The assessment of bias within Large Language Models (LLMs) has emerged as a critical concern in the contemporary discourse surrounding Artificial Intelligence (AI) in the context of their potential impact on societal dynamics. Recognizing and considering political bias within LLM applications is especially important when closing in on the tipping point toward performative prediction. Then, being educated about potential effects and the societal behavior LLMs can drive at scale due to their interplay with human operators. In this way, the upcoming elections of the European Parliament will not remain unaffected by LLMs. We evaluate the political bias of the currently most popular open-source LLMs (instruct or assistant models) concerning political issues within the European Union (EU) from a German voter's perspective. To do so, we use the "Wahl-O-Mat," a voting advice application used in Germany. From the voting advice of the "Wahl-O-Mat" we quantize the degree of alignment of LLMs with German political parties. We show that larger models, such as Llama3-70B, tend to align more closely with left-leaning political parties, while smaller models often remain neutral, particularly when prompted in English. The central finding is that LLMs are similarly biased, with low variances in the alignment concerning a specific party. Our findings underline the importance of rigorously assessing and making bias transparent in LLMs to safeguard the integrity and trustworthiness of applications that employ the capabilities of performative prediction and the invisible hand of machine learning prediction and language generation.
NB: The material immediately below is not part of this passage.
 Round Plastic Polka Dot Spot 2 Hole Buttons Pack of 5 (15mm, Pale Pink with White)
Paper Structure (10 sections, 5 figures, 1 table)

This paper contains 10 sections, 5 figures, 1 table.

Figures (5)

  • Figure 1: One political statement shown in the Wahl-O-Mat web interface for the 2024 European Parliament elections that translates to "The EU should be allowed to levy its own taxes."
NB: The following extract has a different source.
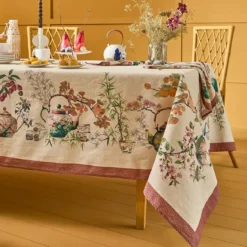 Nappe lin & coton lavé 190 g/m² imprimé vert orange Theieres rouille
  • Figure 2: Answers of the evaluated models. Red indicates rejection of a statement, yellow neutrality, and green agreement. Each statement is detailed in \ref{['tab:all_statements']}.
  • Figure 3: Alignments of the LLMs with the political parties currently represented in the European Parliament. The alignment is obtained by querying the Wahl-O-Mat with the LLMs. When prompted in English, the Llama2-7B model can not be evaluated through the Wahl-O-Mat as consistent neutral responses do not allow an estimation of alignment with the parties.
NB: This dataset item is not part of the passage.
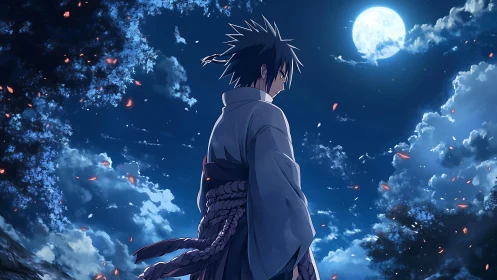 Solitary anime swordsman under full moonlit night sky.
  • Figure 4: Box-whisker plots showing how the LLMs align across all political parties. Outliers are marked with dots. LLMs exhibit consistent political bias characteristics, as evidenced by the alignment variances relative to specific political parties: Mean standard deviation over all parties when prompted, in German: $\pm 7.40\%$, and in English: $\pm 5.18\%$.
  • Figure 5: Allocation of seats in the European Parliament based on the mean alignment of the LLMs using proportional representation mill1862true. Distribution of seats: Grüne/EFA (GRÜNE, ÖDP, Piraten, Volt, Die PARTEI$^1$) 280 seats, EVP (CDU, CSU, FAMILIE): 128 seats, Renew (FDP, FREIE WÄHLER): 95, Non-Inscrits 76 Seats, GUE/NGL (Die LINKE) 61 seats, S&D (SPD) 51 seats, and ID (AfD) 29 seats.